## What is needed
The line with "wooden deck with" and each line following it, up to the final line of the data, should be set down exactly; pictures stay out.

## Data section
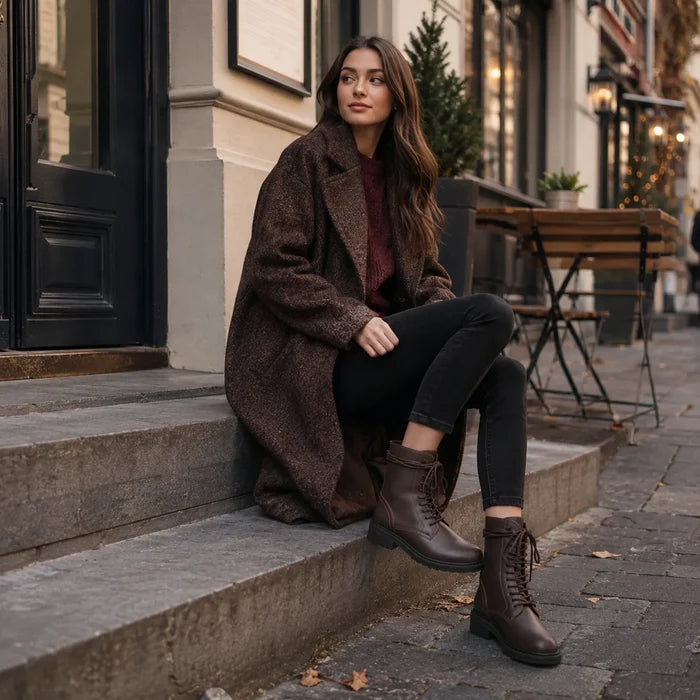 Brown leather lace-up ankle boots with thick sole and ankle-high shaft.
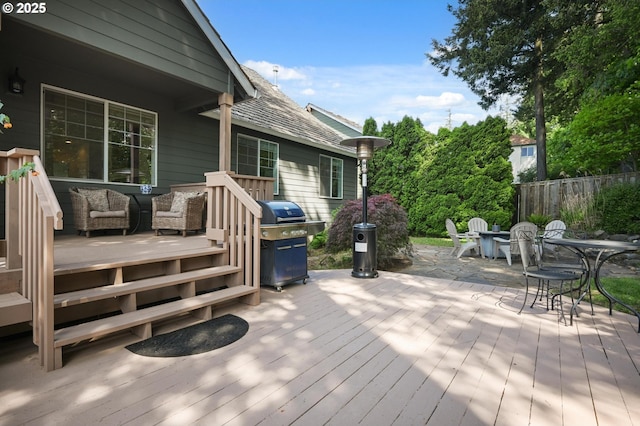 wooden deck with grilling area, outdoor dining space, and fence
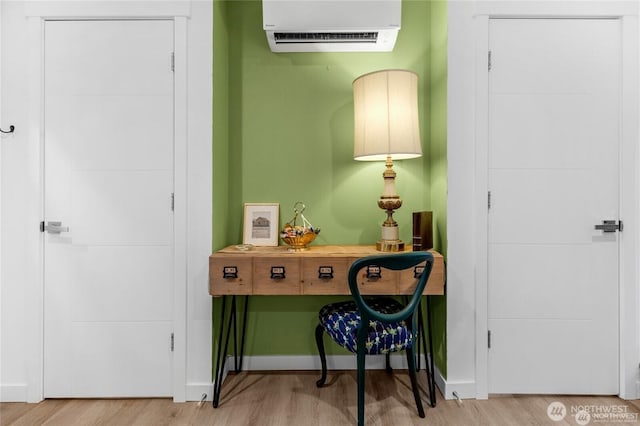 interior space featuring an AC wall unit, baseboards, and wood finished floors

## Expected answer
 wooden deck with grilling area, outdoor dining space, and fence
 interior space featuring an AC wall unit, baseboards, and wood finished floors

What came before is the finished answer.